In this final article in the series of three, I highlight the legal scene in Asia, the changes to the legal industry, and the different resources available to law firms for expansion. I also take a look to the future, and share key leadership qualities.

In my first article, I shared my thoughts about managing and growing a law firm and in the second article, I discussed the global legal industry and its challenges.

I have previously discussed why firms need to look to the future, as they cannot live in the past and will soon become irrelevant in this fast-paced, tech-savvy environment. Disruptors are already well established and eating away the market share of many firms. Artificial Intelligence (AI) is here to stay and will become more and more sophisticated. For example, standard contracts are now easily available from the internet and there are other solutions in the market to make the “bread and butter” legal services no longer the “black art”, which at one time nobody understood. And then there is the growth of the “in-house” legal departments eroding business lines.

Leadership for the Future

To future-proof themselves, law firm managing partners need to “lead” and not “manage”. I have encountered many managing partners who manage (and at times micro-manage) rather than lead. Some are good at managing but many miss the critical role of a managing partner, which is to lead, have a vision and to inspire and drive the partners to achieve that vision. Then there are those who are poor managers, the ones that micro-manage or those who are indecisive and are too involved with the detail to see the bigger picture, or simply do not have time to manage. All these recognisable conditions lead to inefficiencies and mismanagement, creating potential financial, retention and reputational risks for the business.

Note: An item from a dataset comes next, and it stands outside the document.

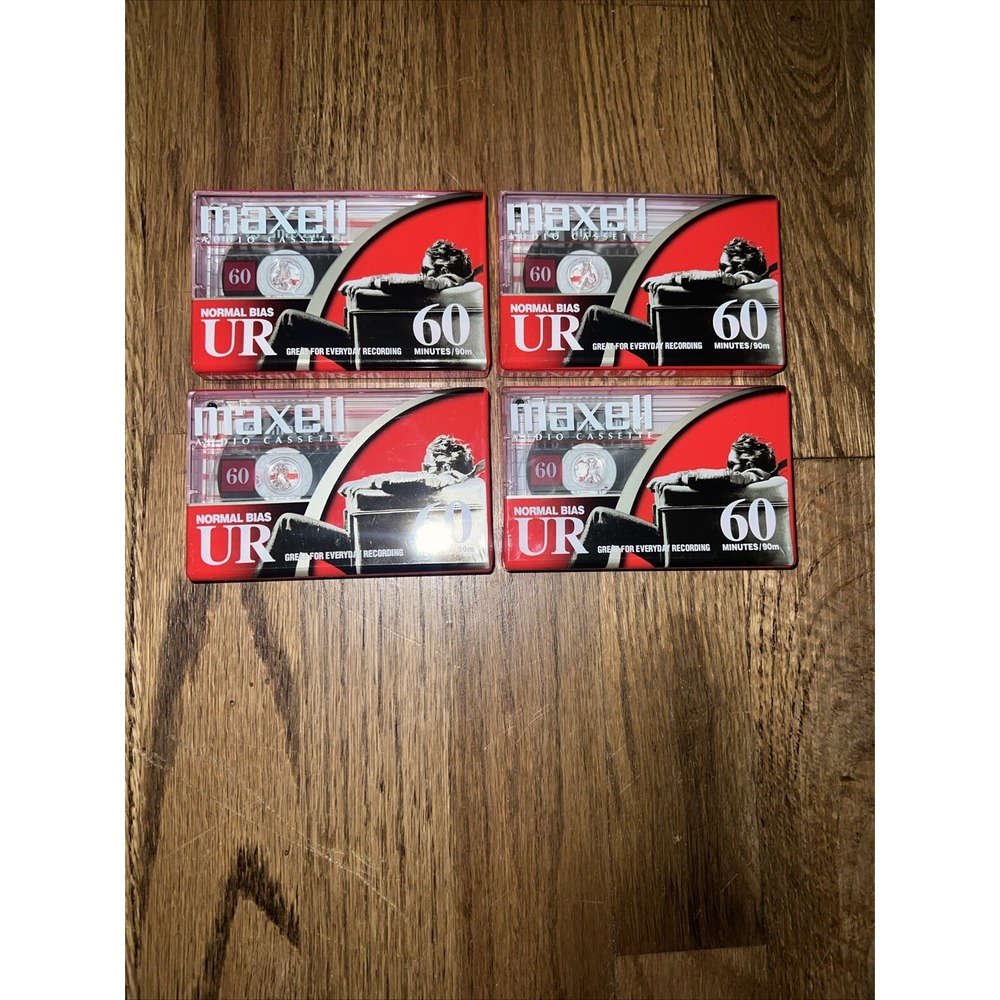 Lot of 4 New Sealed MAXELL UR 60 Minute Blank Audio Cassette Tapes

As I shared in the first article, I believe that the day-to-day management of a law firm should be left to business professionals who have the necessary skills and experience. Hiring people with this skill set at an appropriate level for the firm is key. Firms need to hire business professionals at the right level and not under-hire. I would caution that hiring at an inappropriate level (too junior or too senior) will lead to additional issues and may be a wasted investment.

In the commercial world, all well-led and well-managed corporates will have a chief financial officer, chief information officer, chief marketing officer, etc. These are professionals in their own rights, and contribute to the success of the business. Why then do law firms think that partners can run such functions in which they have no real expertise or experience? Part of this stems from a “cost” rather than an “investment” mentality. I think what is not appreciated is that partners are being taken away from their core competencies and thrust into something that they are not trained for. What is not accounted for in the Profit & Loss Account is these lost partner hours that could be better utilised in marketing and discharging work which ultimately adds to the bottom line.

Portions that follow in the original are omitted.